Researchers have looked at mainstream video games for years, trying to determine the effects games have on players' brains. Maybe they make us faster decision-makers, or better thinkers, or more aggressive. Studies come out nearly weekly and often seem to contradict each other's findings.
But one specially designed game has been having a beneficial effect since 2006, and recent research examining why could have many implications for the future. Re-Mission, developed by non-profit HopeLab, is a serious game aimed at children, adolescents, and young adults who have cancer.
The game has players take a microscopic robot through the body of a patient with cancer, battling not only the disease but also the side effects of treatment. The levels are designed to inform and educate the player about cellular interactions. A 2008 study confirmed that patients who played the game were more likely to comply with treatment directives and were quicker to gain and understand knowledge about cancer.
Recently, however, another study has been released that looks into why and how Re-Mission is so effective. What the new study has found is that the act of playing works with areas of the brain responsible for motivation in a way that viewing or reading does not, a finding with implications for serious and entertaining game design in the future, as well as for health care and education. According to a press release about the researchers' findings:
[A]ctive participation in gameplay events is key to activating the brain's positive motivation circuits. Seeing and hearing the same information without active participation in gameplay had no impact on activity in positive motivation circuits.
"Active involvement in video game play sparks positive motivation in a way that watching and hearing information does not," said Steve Cole, Ph.D., Vice President of Research and Development at HopeLab, professor of medicine at the University of California, Los Angeles, and co-author of the article. "All participants in the study received the same information. It was the active participation in gameplay that made the big difference in motivation. This study helps refine our 'recipe for success' in harnessing the power of play in the service of health."

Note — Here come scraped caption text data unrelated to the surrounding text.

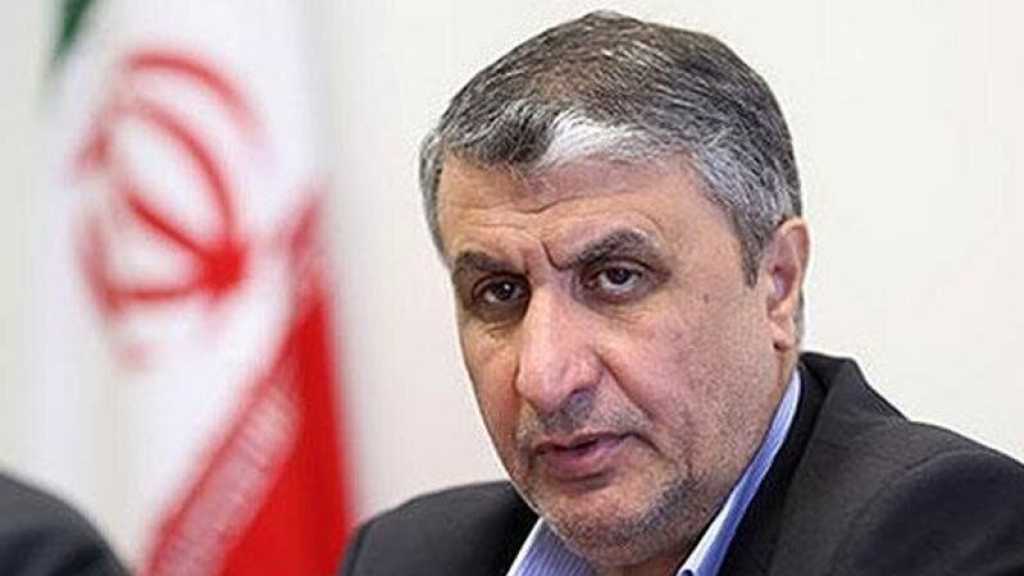 AEOI Chief: Iran’s Nuclear Science, Technology Capabilities Rival Those of Developed Countries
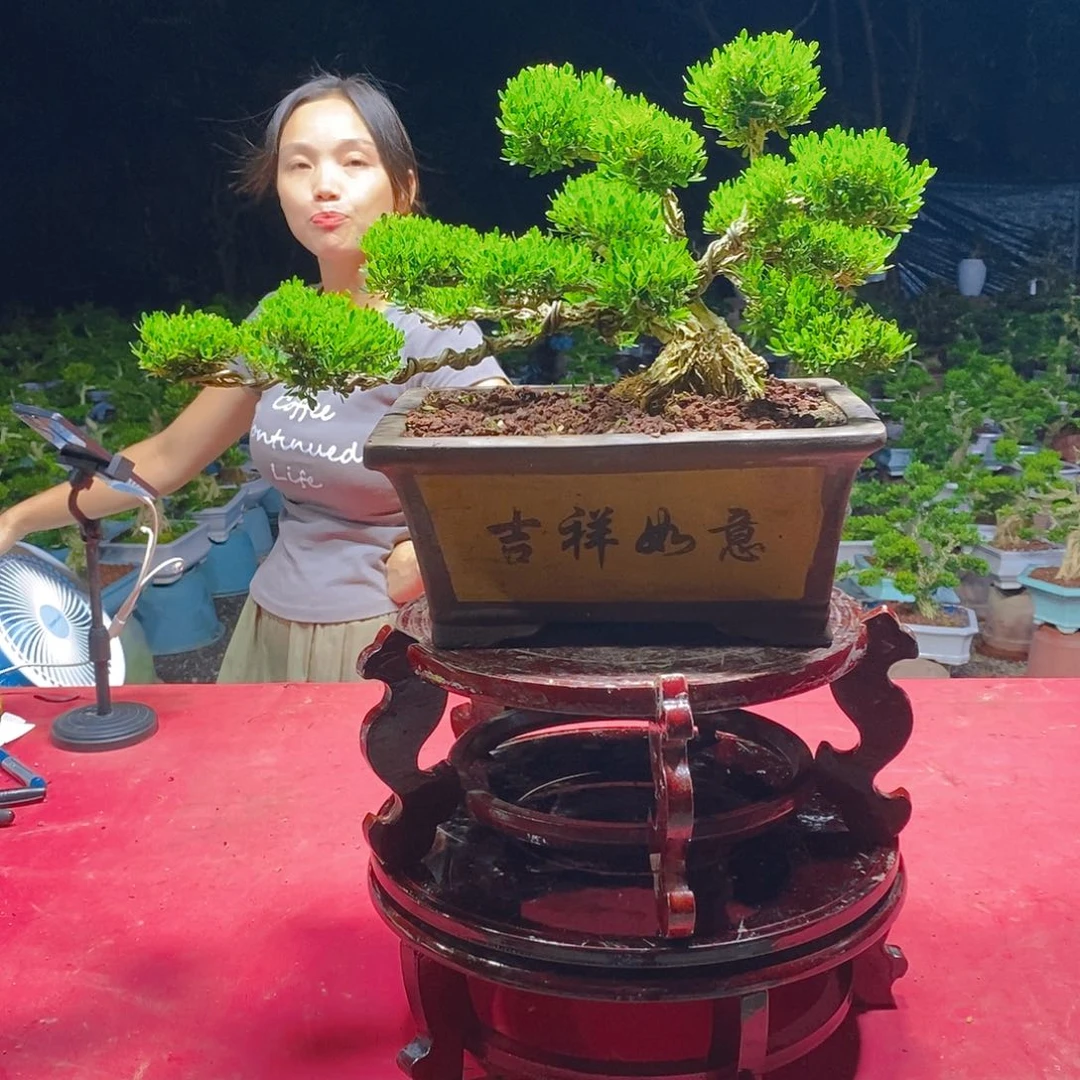 无花朵广东雀舌黄杨盆景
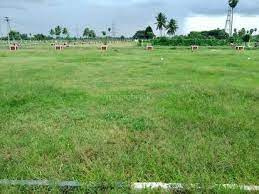  Agricultural Land for Sale in Kizhakkancherry, Palakkad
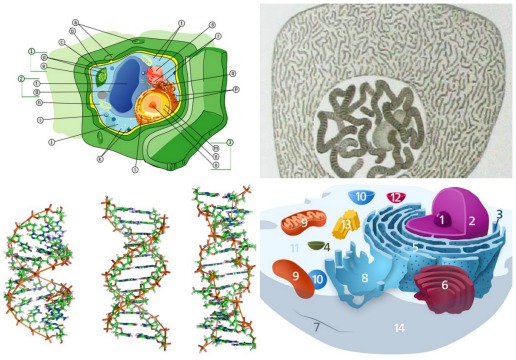 Com dúvidas de biologia? Conheça as principais organelas das células eucarióticas e suas funções. Com dúvidas de biologia? Conheça as principais organelas das células eucarióticas e suas funções.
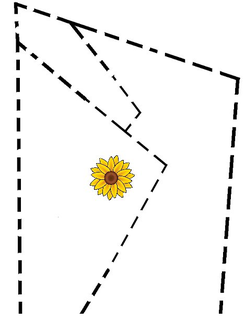 87272487
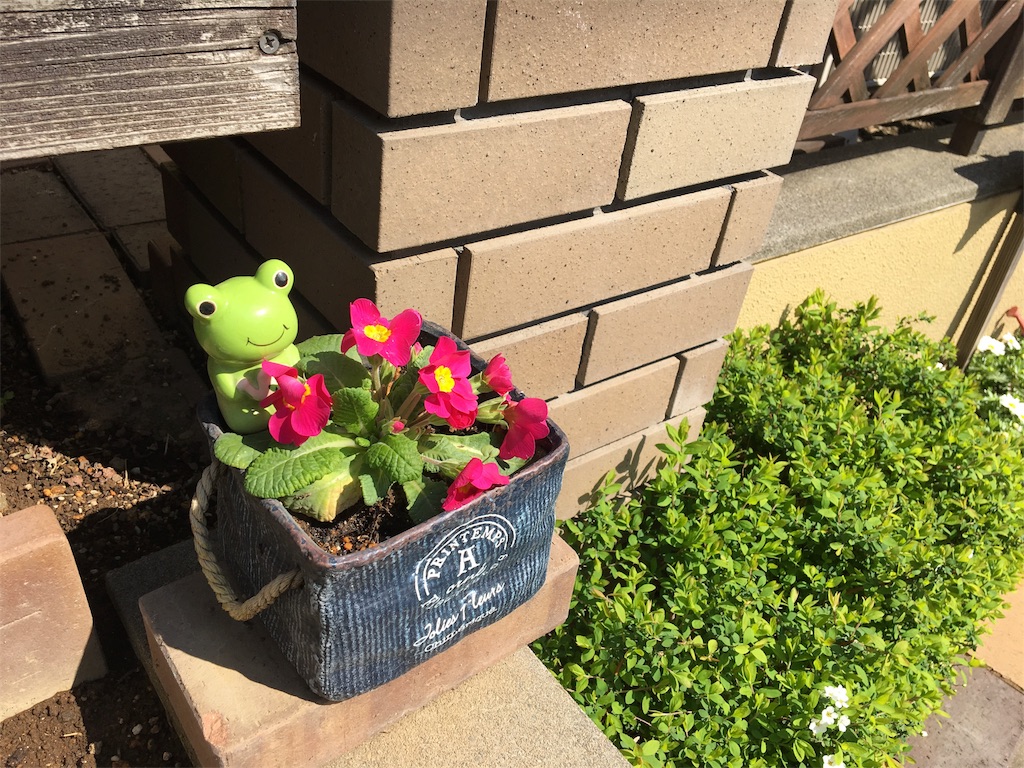 f:id:RaumNaturlly:20190318125245j:image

The study compared brain scans in 57 people who were randomly assigned to actively play Re-Mission or to passively watch the same recorded game play (similar to watching a movie, with the exact same information, but no direct participation in the gameplay events). Results of functional magnetic resonance imaging (FMRI) showed that neural circuits implicated in reward ... activated strongly while players were actively playing Re-Mission, but not when they were resting, or when other players passively observed the same gameplay events.
It may seem obvious to most players that your brain works very differently while actively playing a game than while watching a recording of a game, and it's become conventional wisdom that some games (many of them found on Facebook) rely on the psychology of reward — which ties into both gambling and addiction — to keep players engaged. But understanding how games can also tie positively into motivation and have effects outside of the play world can help designers make big differences with their games.